Breaking it apart into coordinated agents fixed most of the problems. It also introduced a new category of problems we hadn't thought about. Here's what we actually learned.

When One Agent Is Enough (and When It Isn't)

The temptation to add more agents is real, but the overhead isn't free. Every agent boundary you add is a place where context can get lost, latency increases, and errors compound.

One agent is the right call when:

The task fits in a single LLM context window without crowding
The steps are sequential and each depends heavily on the prior output
You need tight reasoning across all the information (summarising a document, for example)
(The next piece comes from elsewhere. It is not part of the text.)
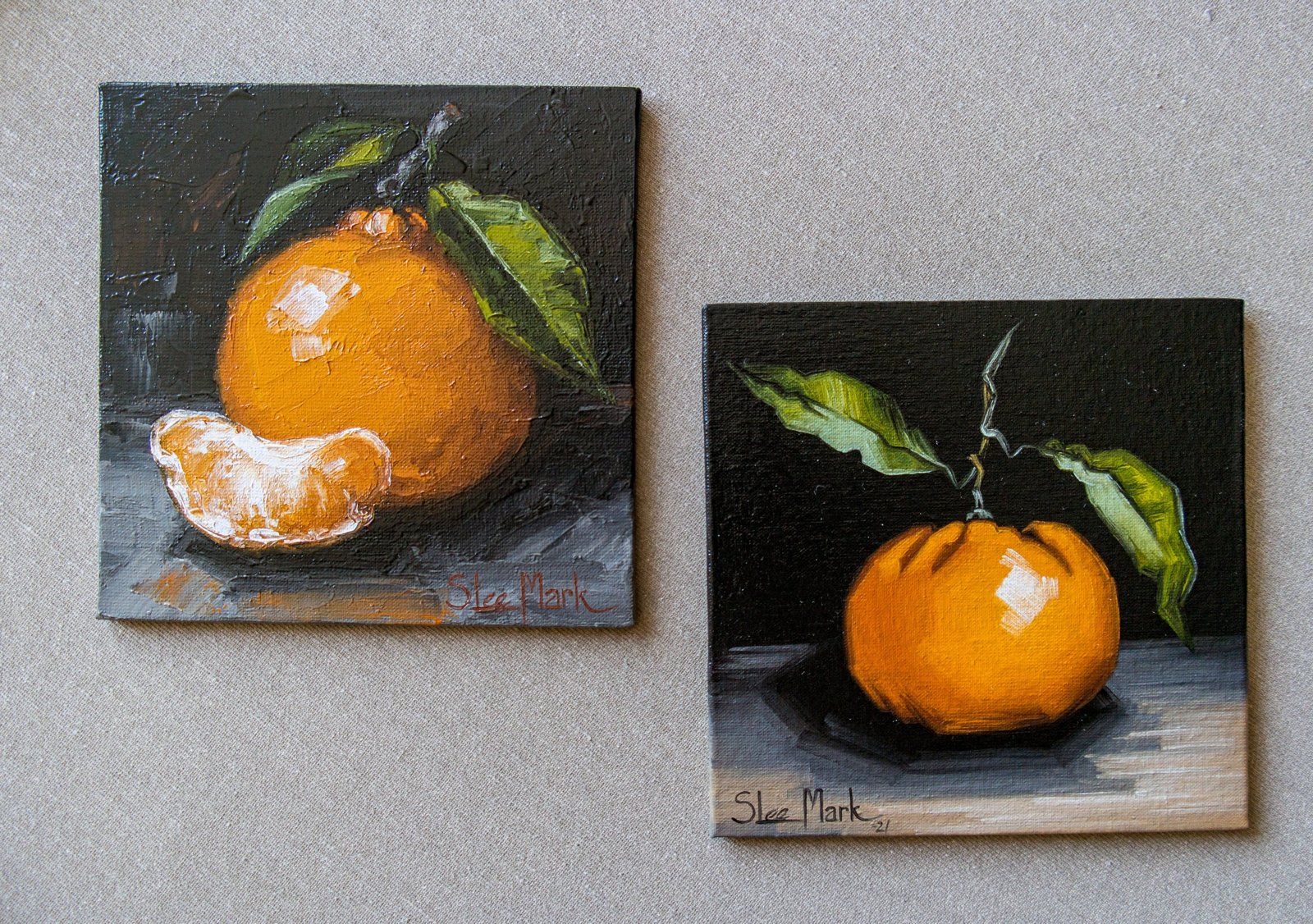 Orange with a slice Original art 6x6 by S. Lee Mark Still life oil painting Fruit art Fruit painting Citrus art Home Living Decor Wall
You need multiple agents when:

A single agent's context window is being maxed out with tool definitions, history, or data
Different steps require genuinely different "personas" or instruction sets (research vs. writing vs. fact-checking)
Steps can run in parallel and the latency saving matters
You want to isolate failure — if the data extraction agent fails, the report-writing agent shouldn't be affected

The key question we ask: Is this one job or a pipeline of jobs? If you'd describe it to a human as "first do X, then Y takes that and does Z", you probably have a pipeline, not a single task.

The Three Patterns We Actually Use

1. Supervisor-Worker

A thin orchestrator agent decides what needs doing, dispatches to specialised worker agents, and stitches the results together. The workers are narrow — they do one thing and don't need to know about the rest of the workflow.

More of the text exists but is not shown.